Binoche was absent from the film’s Venice press conference. Asked
about her headscarf, Kiarostami paraphrased her as saying it was
"out of respect for those who choose to wear it, and in sympathy with
those who are obliged to."
How the production was put together is at least as intriguing
as the film itself. The set consisted of four movie- theater
seats. Each actress was told to sit and stare, for five minutes, at
a piece of paper marked with three dots, and conjure up key personal
memories. When all 114 were done emoting, Kiarostami spent six months
putting the pieces together like a puzzle, making their expressions
fit the drama.
"Shirin" is the slowest movie by Kiarostami, who is already known
for plotless musings on cinema. This is his tribute to the filmgoing
public, the fulfillment of a lifelong wish to watch the viewer
watch. The end result is a triumph of form over content, medium
over message. Still, it’s easy to be drawn into the unseen drama
and the musicality of the Persian verse — especially if you speak
Farsi. Rating: **1/2.
Valentino
Valentino Garavani was, for close to 50 years, the lone Italian in
Parisian haute couture: a gifted designer who dressed generations
of past and present royals, Hollywood stars, and high-society New
Yorkers in his signature red. His time ended last January when he
produced his final collection and bowed out, allowing the fashion
house’s new shareholders to usher in a thirtysomething substitute.

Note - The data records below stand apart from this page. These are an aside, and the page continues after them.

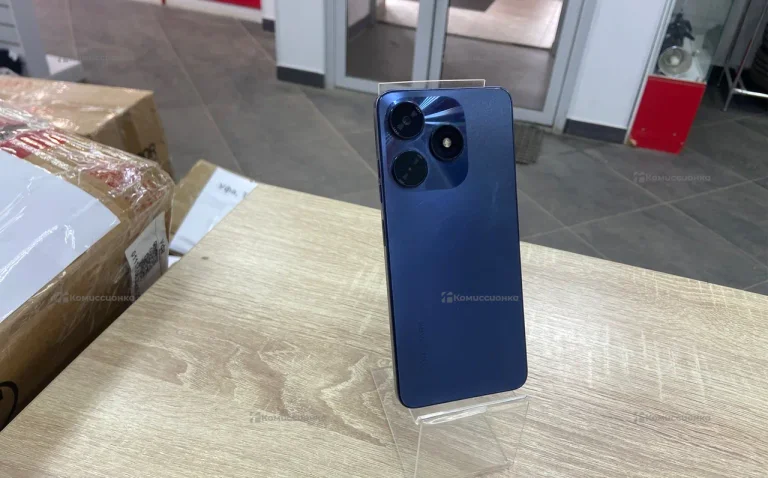 Tecno Spark 10 4/128gb.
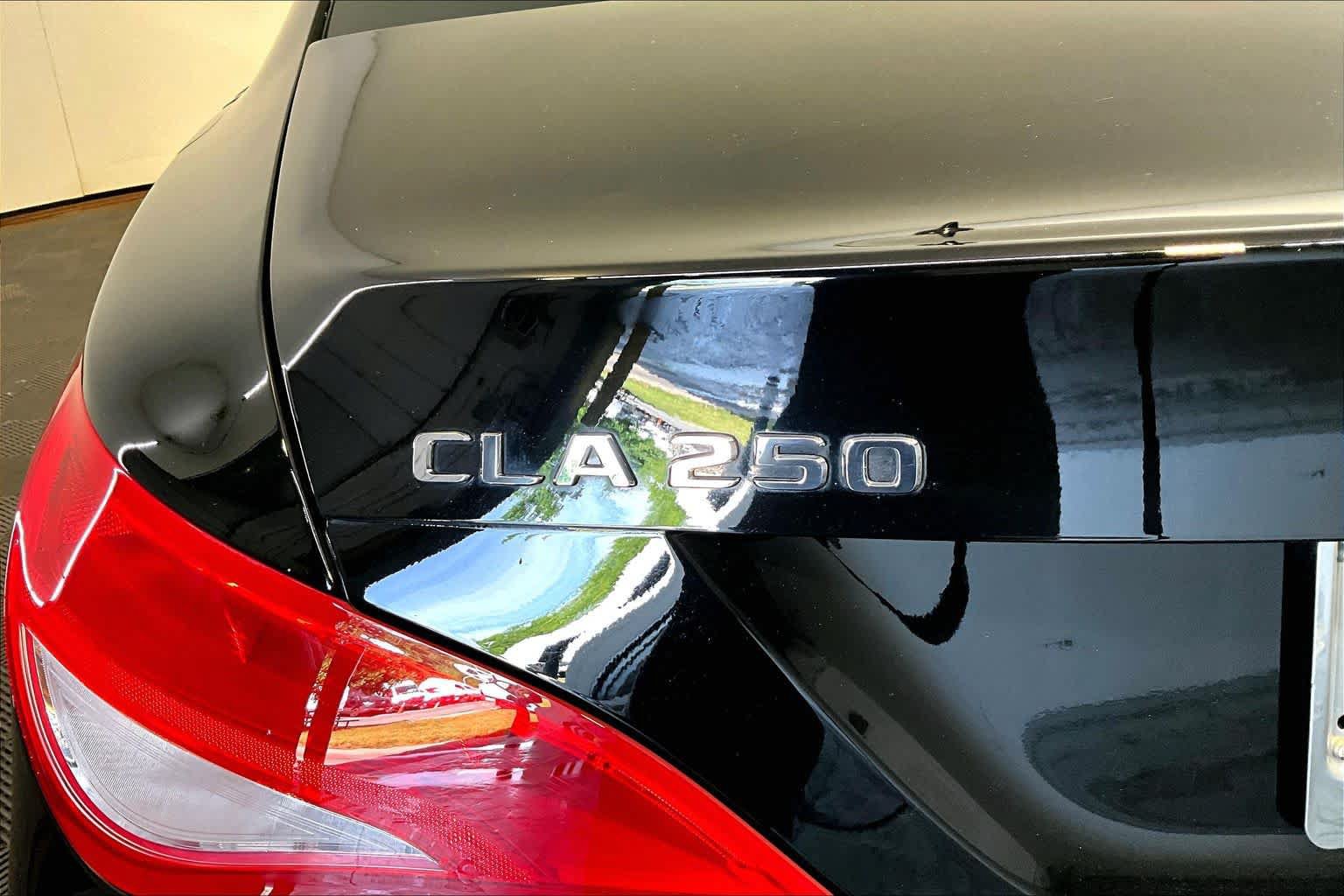 Used 2019 Mercedes-Benz CLA 250 4MATIC image 33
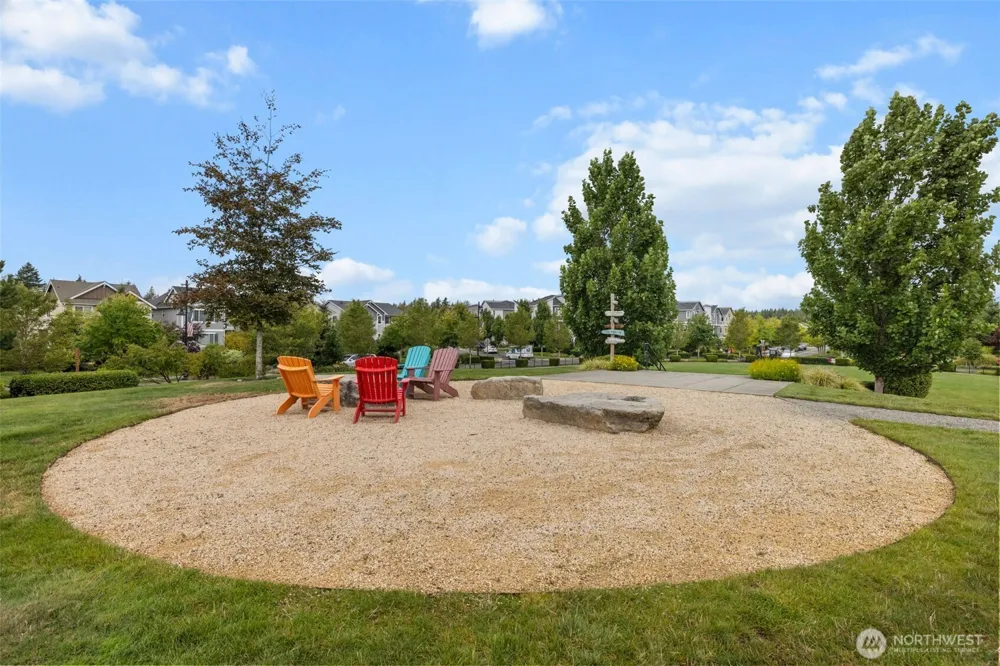 32898 Pine Avenue SE Black Diamond, WA 98010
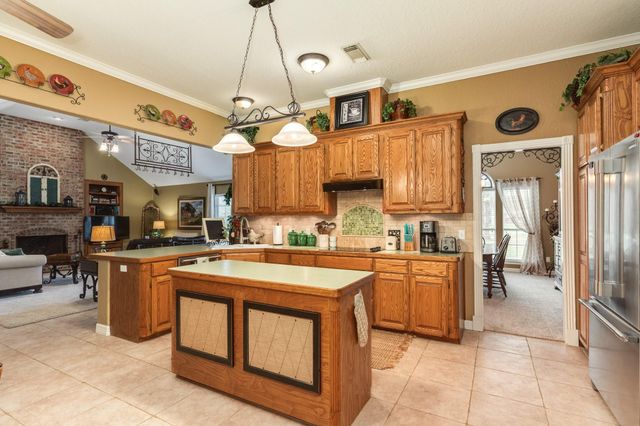 2403 Whitetail Lane, Lake Jackson, TX 77566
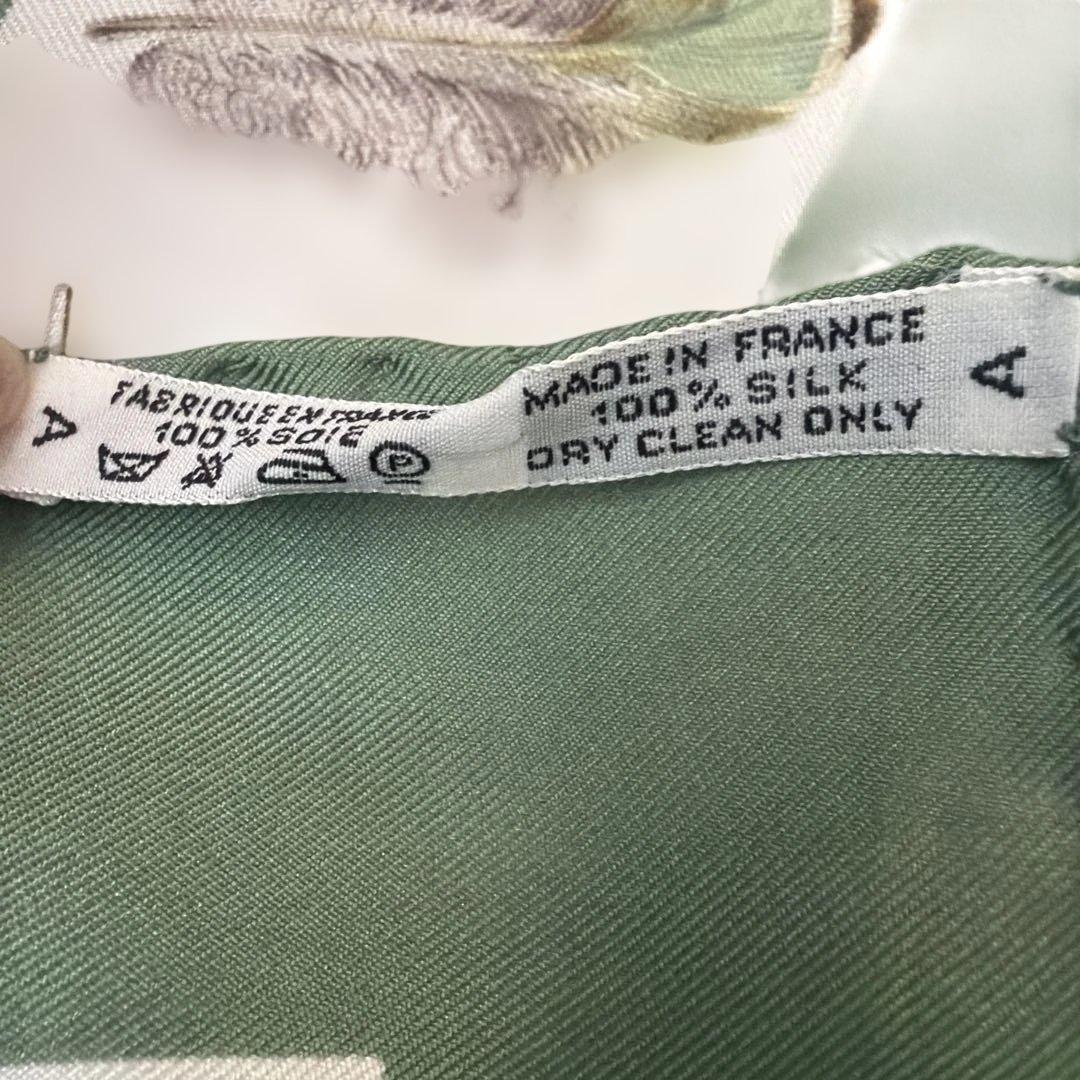 HERMES シルク100% 羽根模様スカーフ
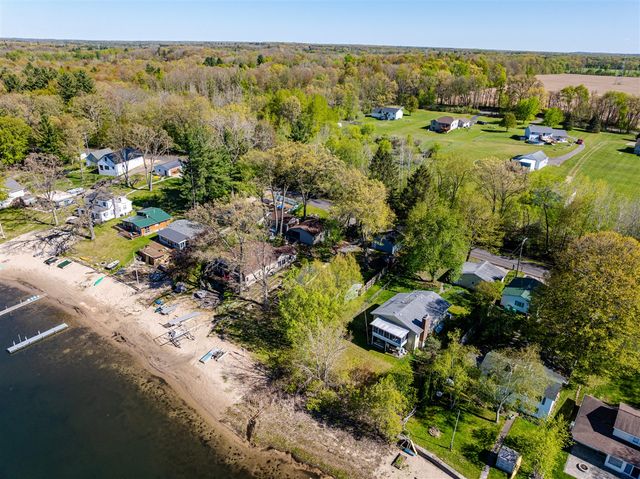 13615 Sunset Shores Drive, Cedar Springs, MI 49319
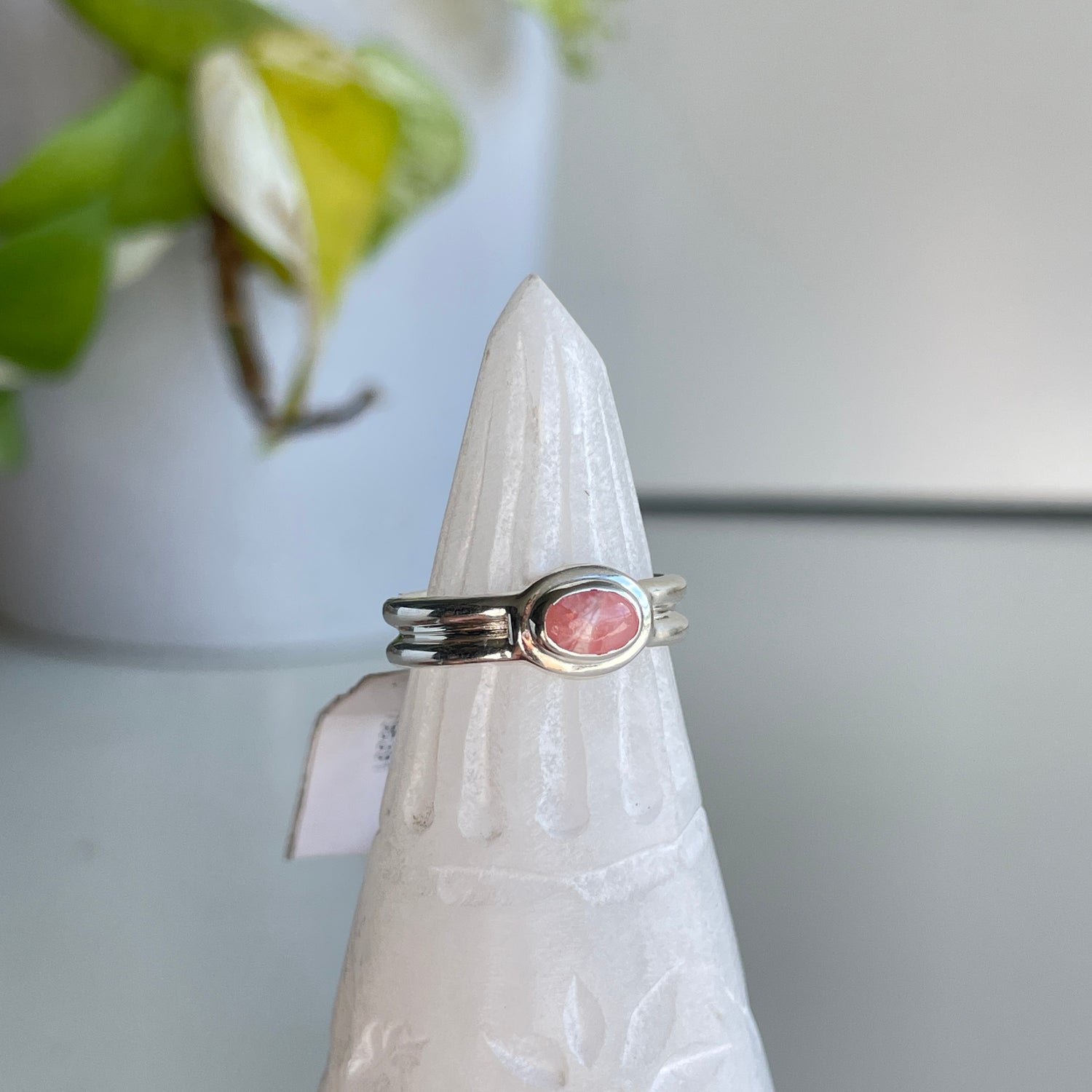 Rhodochrosite Oval Ring Sz6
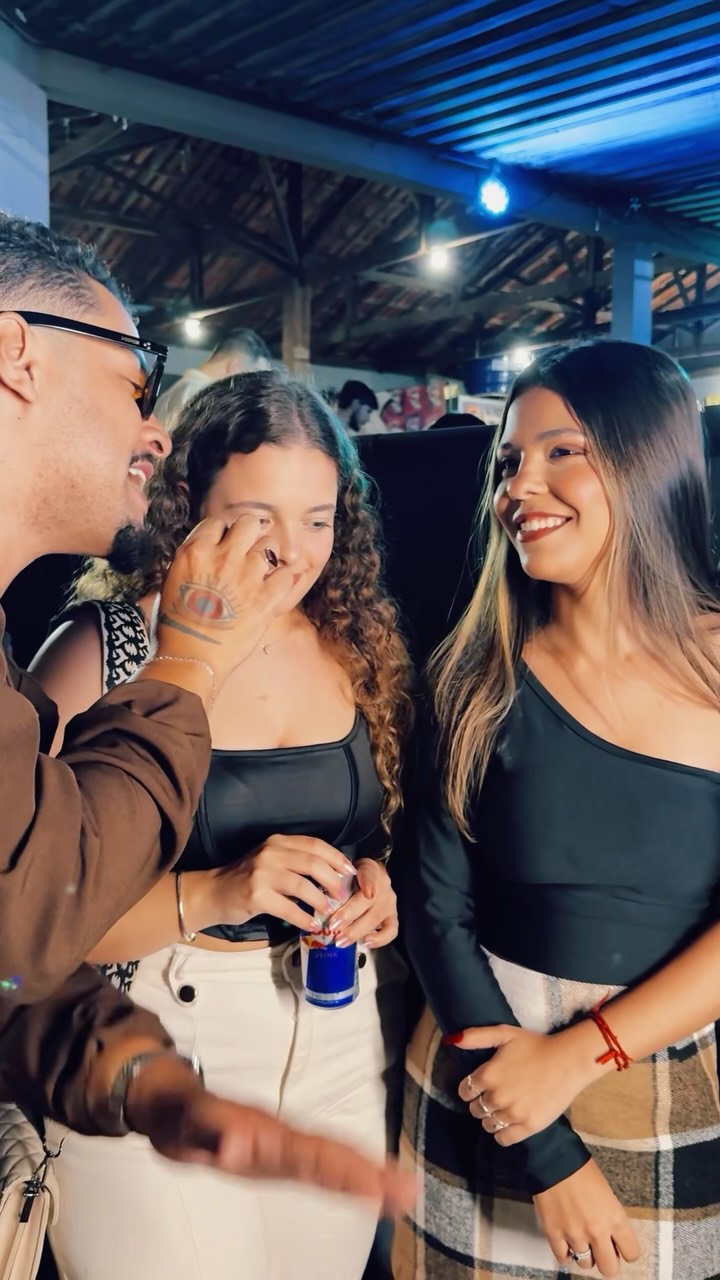 O terceiro dia chegou e o assunto é um só: Felipe Araújo🎶 
Saímos perguntando pra galera como tá a ansiedade pra essa noite.
Confere aí!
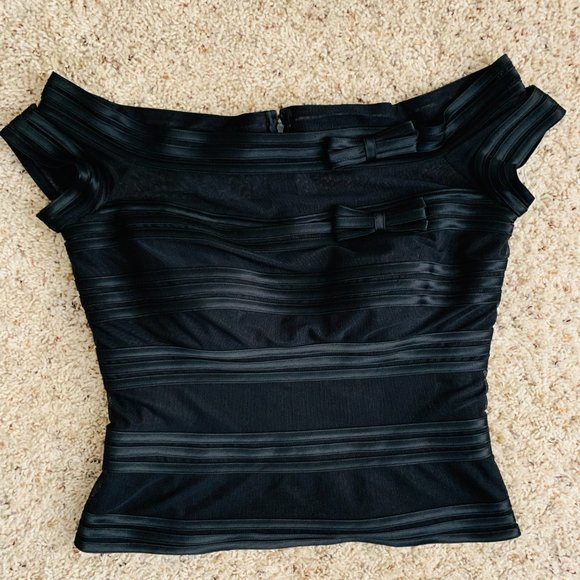 JS Signature Off Shoulder Top - Picture 6 of 7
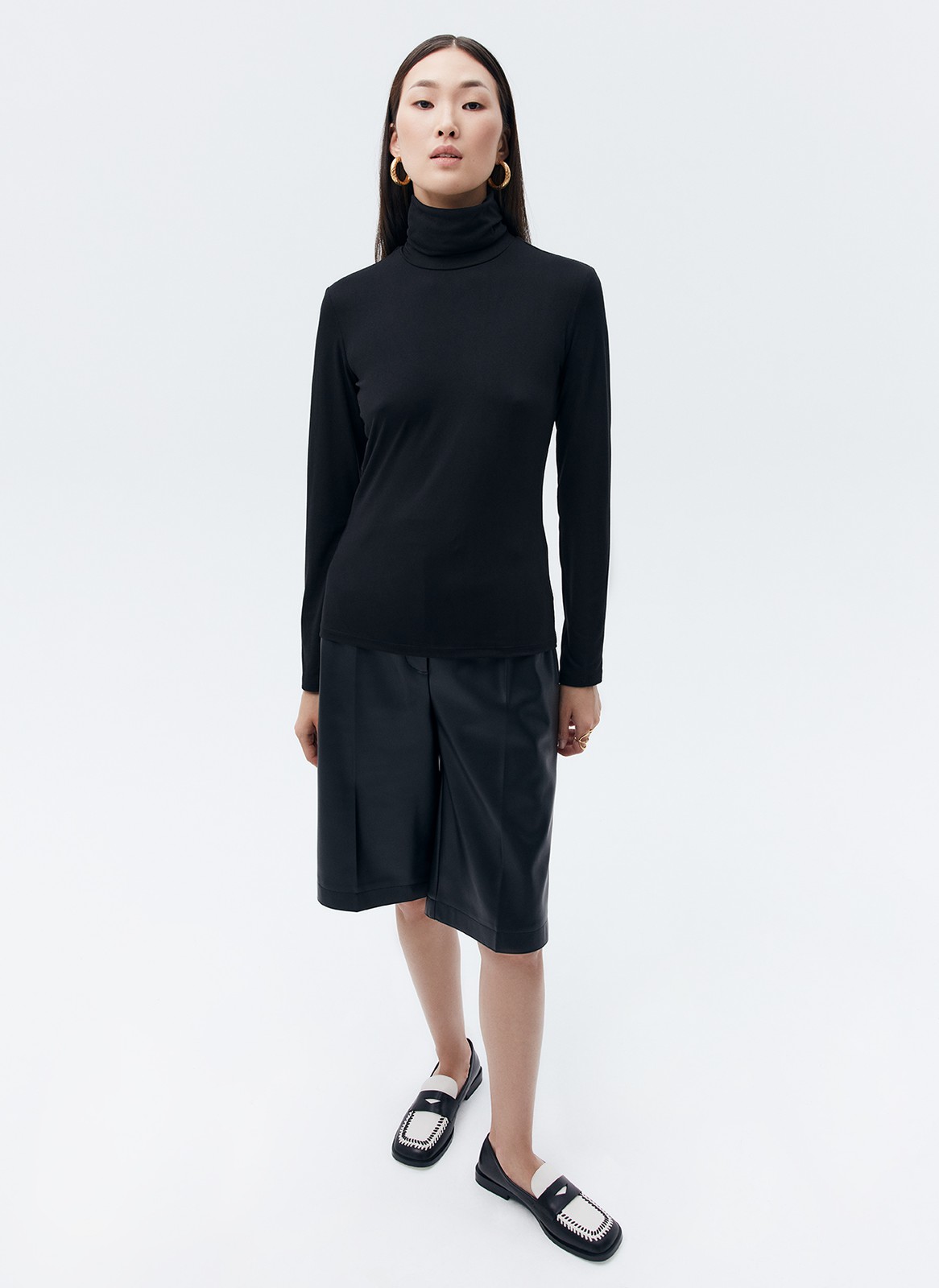 Водолазка, цвет: Черный Allweneed
Базовая водолазка из тонкого и эластичного трикотажа. Ткань приятно касается кожи, поэтому вы захотите ее носить 24/7. Это актуальная вещь в каждом гардеробе. Мы предлагаем ее сочетать с юбкой-гофре из экокожи и вашими любимыми джинсами.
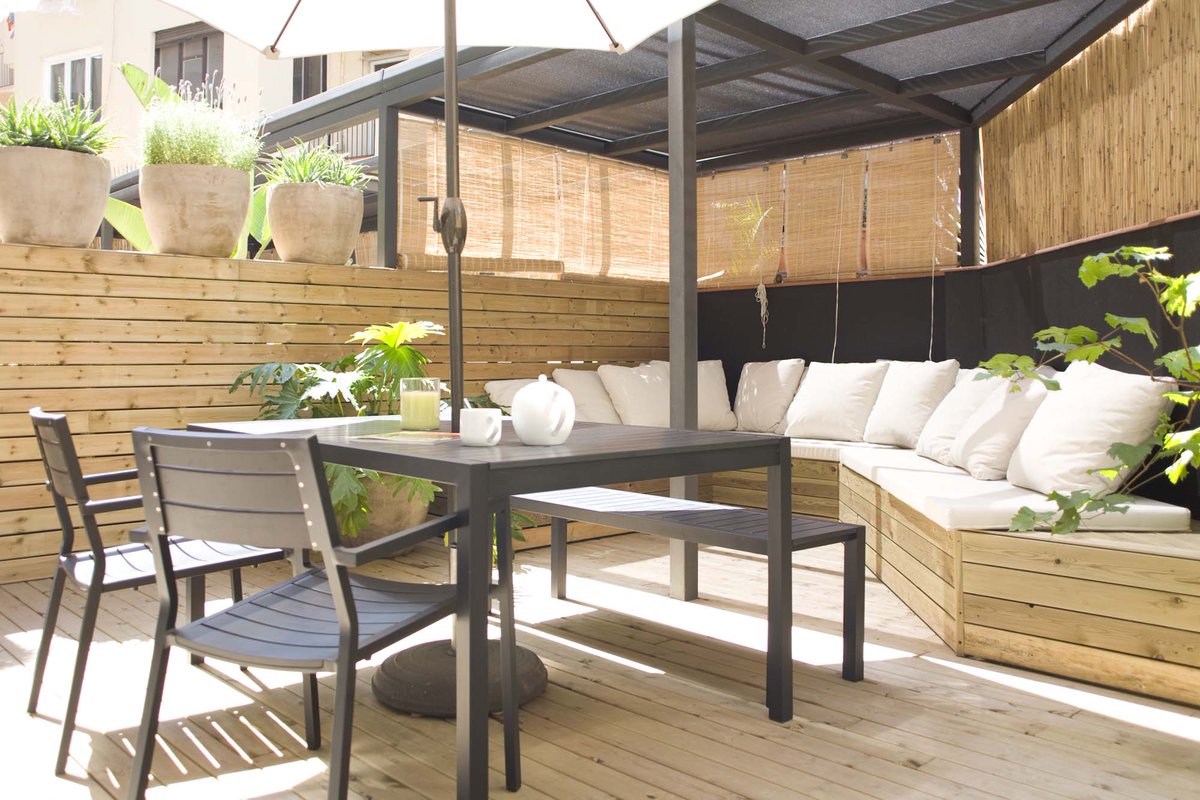 destinationbcn's tweet image. Calling all terrace lovers! Calling all last-minute break lovers! We have some space availabile next week in our amazing #Tengujo, #Principal and #Cadaques apartments in central #Barcelona with amazing terraces perfect for sipping a drink in the sun. #getaway #discount #terrace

The story of Valentino’s spectacular rise and voluntary exit is
movingly told in a documentary by Vanity Fair contributor Matt
Tyrnauer, "Valentino: The Last Emperor," screened and well received
at Venice. For two years, Tyrnauer trailed Valentino and his business
partner and companion Giancarlo Giammetti as they bickered daily over
the ins and outs of their fashion empire.
Machine Following
"There was a machine following me everywhere, even when I went to the
toilet," the beige-suited couturier told reporters in Venice after
posing with model Eva Herzigova. "It bothered me, but then I accepted."
The documentary opens in his Rome atelier, where senior seamstresses
fuss over every flare and fold of a luxury fabric, stick pins in
mannequins, and storm off when all is not right. Sitting amidst them
like a king at court is Valentino himself, who has flares put in, then
taken out, then put back in. This, we discover to nostalgia-inducing
waves of Fellini film music, is the secret of his ageless chic.
As the designer unashamedly displays ill temper on camera, snapping at
Giammetti every chance he gets, we follow him around his many homes:
the splendid chateau outside Paris, the villa on Rome’s Via Appia
Antica, the chalet in Gstaad, and the T.M. Blue One, a 46-meter yacht
where Warhol’s portraits of him hang.
Elton John
We watch the pair entertain a guest list that would give any paparazzo
an epileptic fit. Gwyneth Paltrow and Elton John, among others,
arrive to toast them in their twilight moment at a magnificent party
in the chateau.
There are plenty of funny moments, starting, of course, with the
spats. "You look a little too tan," Giammetti warns the leather-faced
Valentino in a chauffeur-driven limo. When Valentino poses with his
pugs and boasts of how good they are during photo shoots, one roams
off to urinate on the parquet.
Capitalism soon sends tremors through their empire, forcing them
to sell bigger and bigger slices. Valentino and Giammetti fight to
the last, then give up, organizing a series of farewell bashes in
spectacular European settings.
First-time director Tyrnauer’s documentary lacks the finish of
others recently screened on Mike Tyson or Marlon Brando. What he
does convey is the touching relationship between the designer and his
silver-haired, behind-the-scenes guy, whose role is only now becoming
publicly known.
Giammetti himself puts it best. "To be with Valentino as a friend,
a lover, or an employee is a bit the same," he sighs. "You need a
lot of patience." Rating: ***.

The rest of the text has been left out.